17.07.2012. | Автор:

Поскольку само понятие национальности является понятием исключительно современным, а документы отдаленных эпох отли­чаются крайней неопределенностью, нам придется довольствоваться весьма приблизительными оценками. На стыках кельтского и гер­манского миров невозможно с достаточной четкостью определить, где начинаются кельты и где кончаются германцы. И однако, если не принимать во внимание их древнего индоевропейского родства, лингвистического или культурного кельто-германского единства ни­когда не существовало. Согласно Цезарю, белги были самыми дики­ми из галлов: они обитали очень далеко от Нарбонской Галлии, — поясняет он, — и к ним лишь изредка добирались торговцы, приво­зившие предметы роскоши, способные смягчить их буйные нравы. Но он принимает во внимание и начавшееся издавна движение гер­манских племен на запад: эдуи, к которым Цезарь обратился за под­держкой во время своего официального вступления в Галлию, хоте­ли оказать сопротивление секванам, вступившим в союз с германца­ми Ариовиста. А для переговоров с Ариовистом нужно было поль­зоваться не германским, а галльским языком.

Можно, конечно, думать, что древние не особенно вдавались в подобные детали: ведь и кельты, и германцы были для них всего лишь варварами. Однако Цезарь провел в Галлии несколько лет; он так и не выучил галльский язык (мы часто забываем, что он, как все образованные римляне, охотнее пользовался греческим, чем латы­нью), но тем не менее был способен провести этнографические раз­личия. Пятьюдесятью годами раньше, во время вторжения кимвров и тевтонов, переговоры с захватчиками велись по-галльски, а все их вожди носили кельтские имена. С другой стороны название «ким — вры» также хорошо объясняется сравнением с ирландским cimbid «красть», а название «тевтоны» объясняли, может быть, слишком упрощенно, с помощью кельтского touta/teuta «племя». Исследова­тели теряются в догадках по поводу загадочных языковых обстоя­тельств в древней доримской Европе.

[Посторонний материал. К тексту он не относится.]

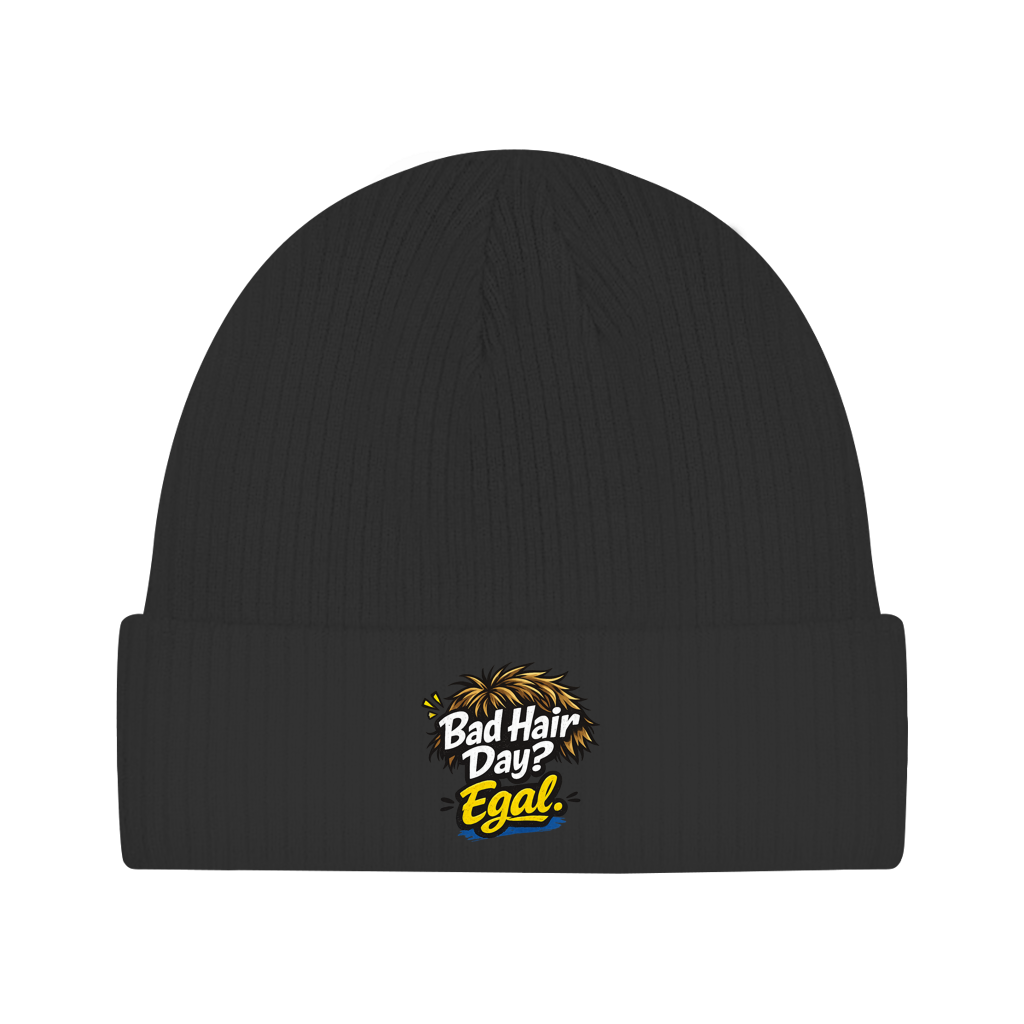 Beanie „Bad Hair Day? Egal.“ – Lustige Unisex Mütze aus Bio-Baumwolle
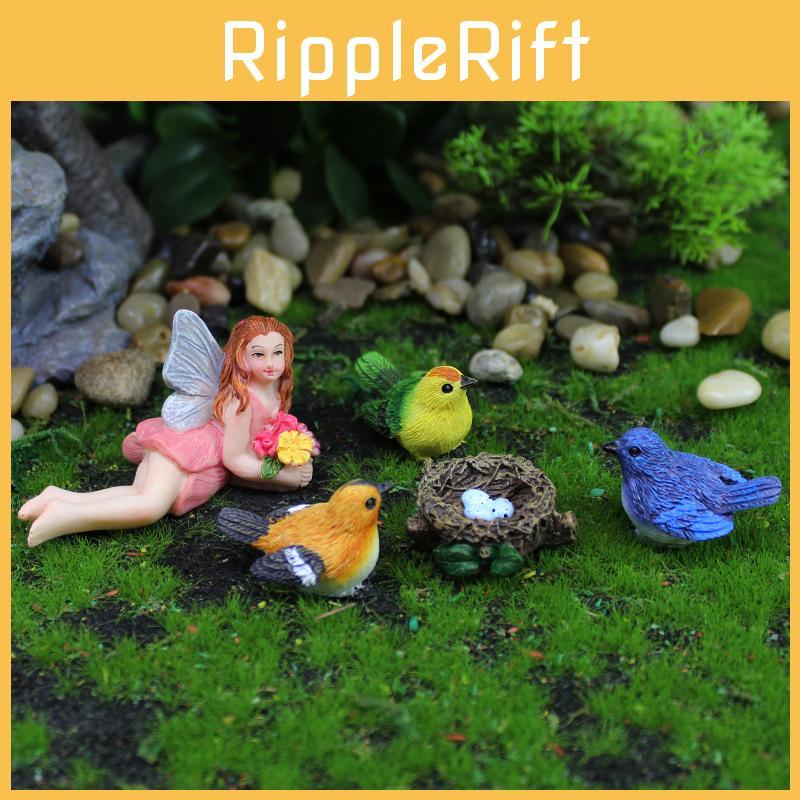Resin Enchanted Garden Miniatures With Bird For Celebrations And Memorial Gifts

Несомненно не нужно возвращаться к гипотезе, — которая была высказана слишком серьезно — что все подобные народы древности могли быть не кельтами, а порабощенными народами, вынужденны­ми выучить кельтские языки (в наше время эта гипотеза чудесным образом подходит для Ирландии и Бретани. А что и говорить о чер­ной Африке и об индейцах Америки!). Учитывая все это, нам следу­ет еще раз обратиться к отчету Цезаря, который объясняет, что неко­гда галлы превосходили германцев не только в отношении матери­альной цивилизации и духовной культуры, но также в смысле храб­рости и воинской доблести. Анализ германских языков показывает, что их структура весьма отлична от языков кельтских, но давние словарные заимствования из кельтского относятся к столь фунда­ментальным понятиям права и управления, как «империя» (Reich) или административная функция галльского ambactus (Amt[6]).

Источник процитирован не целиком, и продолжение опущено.